Eric Dussart, qui co-anime l'émission avec Jade, l'interroge alors sur les déclarations des dirigeants du groupe qui affirment ne pas avoir eu connaissance des faits présumés (l'ancien DRH et PDG de la chaîne, Nonce Paolini, ou encore l'actuel présentateur du JT Gilles Bouleau). "Ca ne m'étonne pas", commente Jacques Legros. "Moi-même, je ne savais pas". Et de poursuivre : "Aujourd'hui, on a un respect pour les femmes qui me paraît élémentaire et j'ai envie de dire enfin, mais à l'époque elles ne parlaient pas non plus. Et ce n'est pas un reproche".

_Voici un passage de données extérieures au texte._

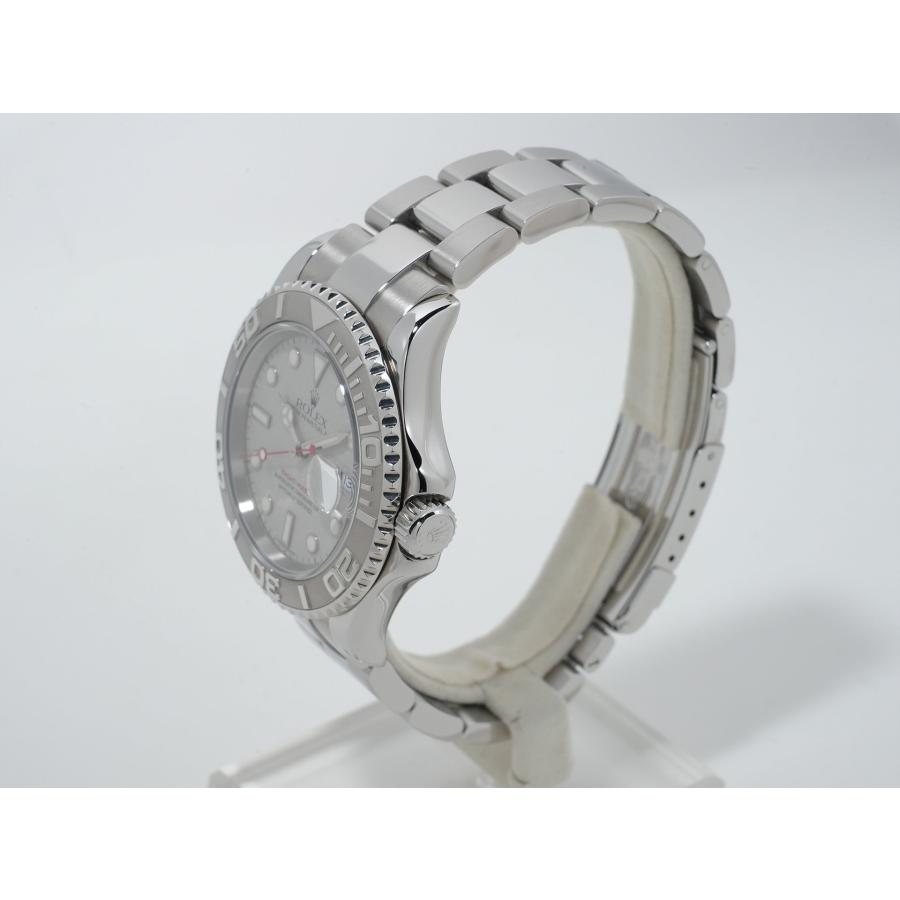 ロレックス ヨットマスター40 Ref.16622 ステンレススチール/プラチナ ロレジウム文字盤 | ヨットマスター | 03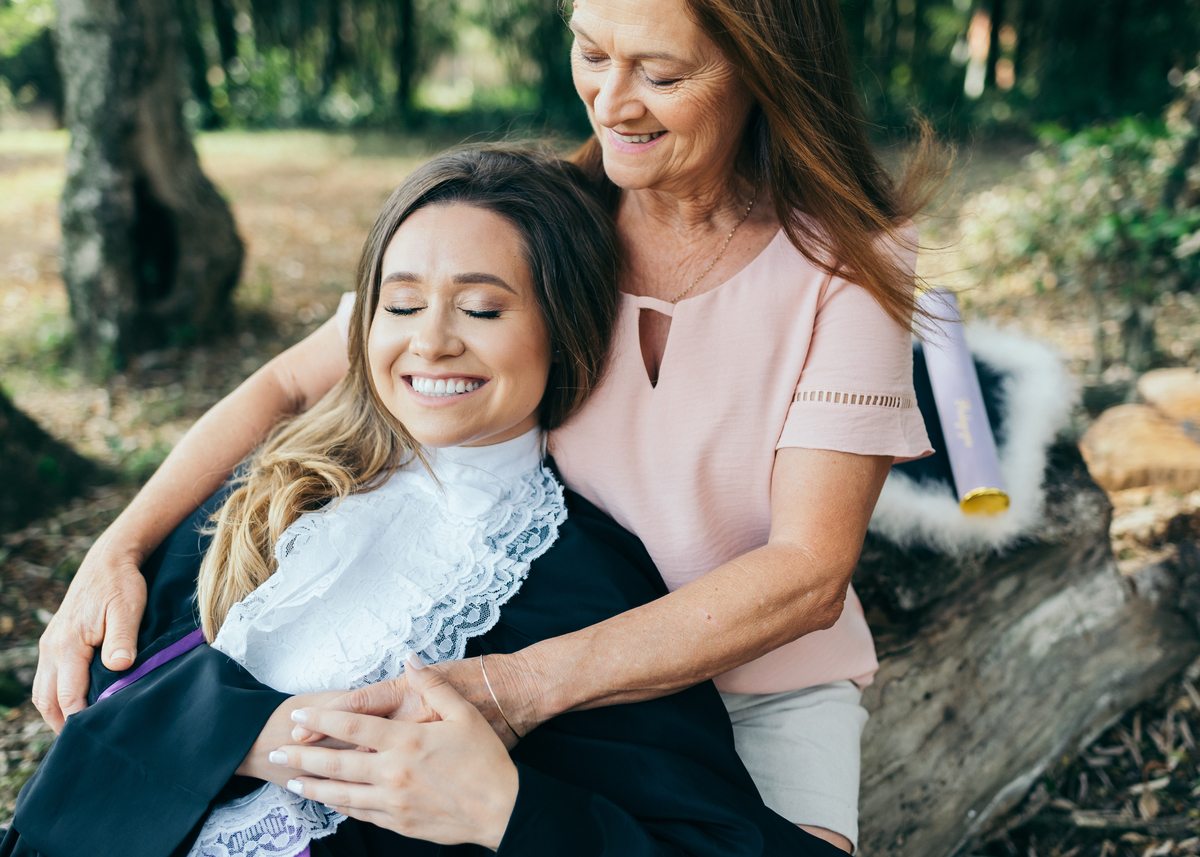 ensaio formatura daniela radavelli fotografia fotos de toga fotos de formatura ensaio com família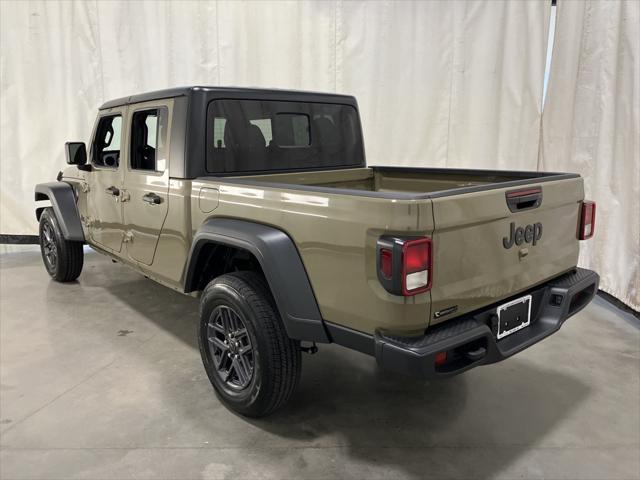 new 2025 Jeep Gladiator car, priced at $47,380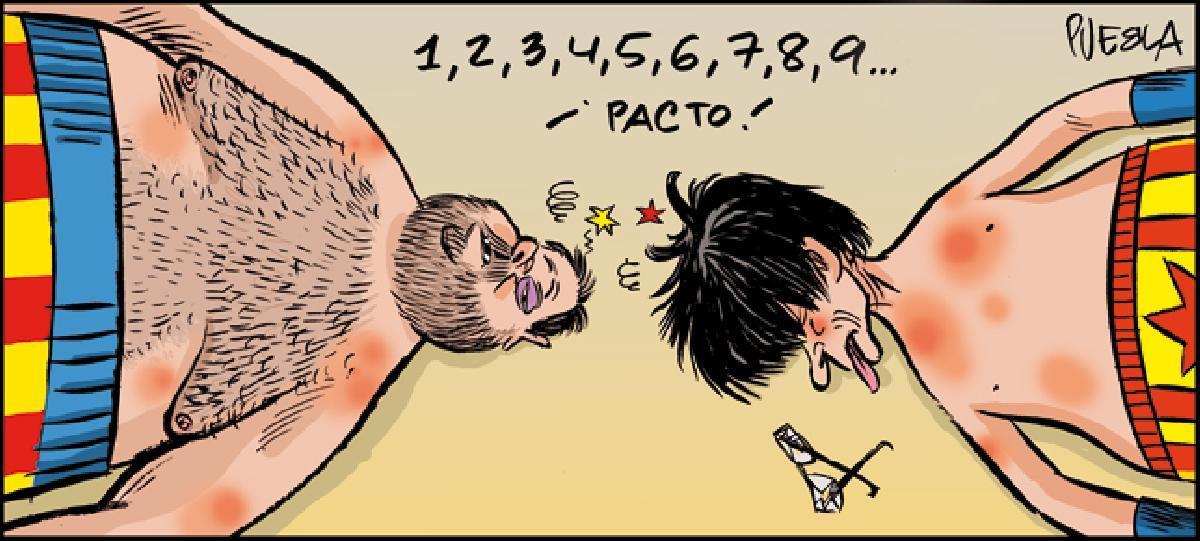 El pacto catalán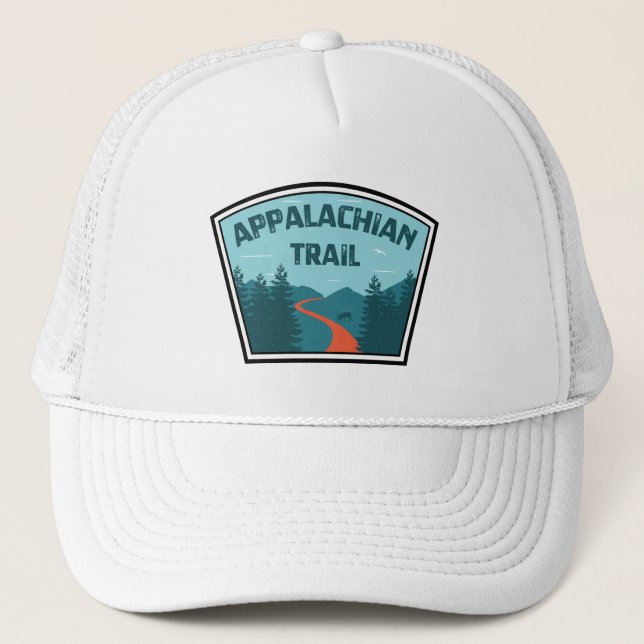 Appalachian Trail Keps (Framsida)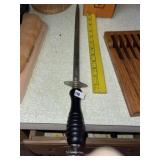 Large Butcher's Steel (Made in Germany)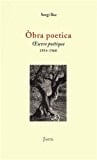 Òbra poetica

Pas un reproche, mais plutôt le signe d'un environnement hostile à leur témoignage, où la honte et la pression à se taire étaient si présentes que les victimes présumées ne se sont pas senties en sécurité pour parler, ont craint les conséquences face à une figure si intouchable de la télévision. Ou bien, on ne les a simplement pas écoutées.

"Personne n'a voulu m'écouter"

C'est cette impunité et cette inversion de culpabilité qu'a notamment confiée Marie-Laure Eude-Delattre, sur le plateau de Mediapart le 10 mai dernier. "J'ai été violée par Monsieur Patrick Poivre d'Arvor en 1985. J'avais 23 ans, et j'ai mis 36 ans à porter plainte". A l'époque, elle cherchait un stage sur la seconde chaîne. Le présentateur l'a invitée dans sa chambre d'hôtel.

"Il a fermé la porte à clé. Et là je l'ai vu nu comme un vers, qui se frottait sur le canapé. J'étais dans un état de sidération, je n'ai pas bougé. Je me souviens que j'étais allongée, qu'il m'a enlevé mon pantalon, ma culotte, qu'il est rentré. C'est tout ce qui s'est passé". Elle conclut, émue aux larmes : "Ce qui m'est arrivé, c'est un viol, juste un viol, quelque chose de monstrueux". Quelque chose qu'elle a immédiatement raconté. Seulement, "personne n'a voulu m'écouter".

Une autre plaignante, Emmanuelle Dancourt, journaliste à RMC et présidente de l'association #MeTooMédias, confiait à Terrafemina : "TF1 n'a absolument pas protégé ces femmes, s'abritant derrière sa 'drague lourde'. Ils auraient dû être alertés, mener l'enquête et ils ne l'ont pas fait parce que politiquement et économiquement, PPDA était trop important. Et tout le monde savait : il avait des 'invitées' quasiment tous les soirs. C'est dommage, prendre les choses en main les sortirait par le haut."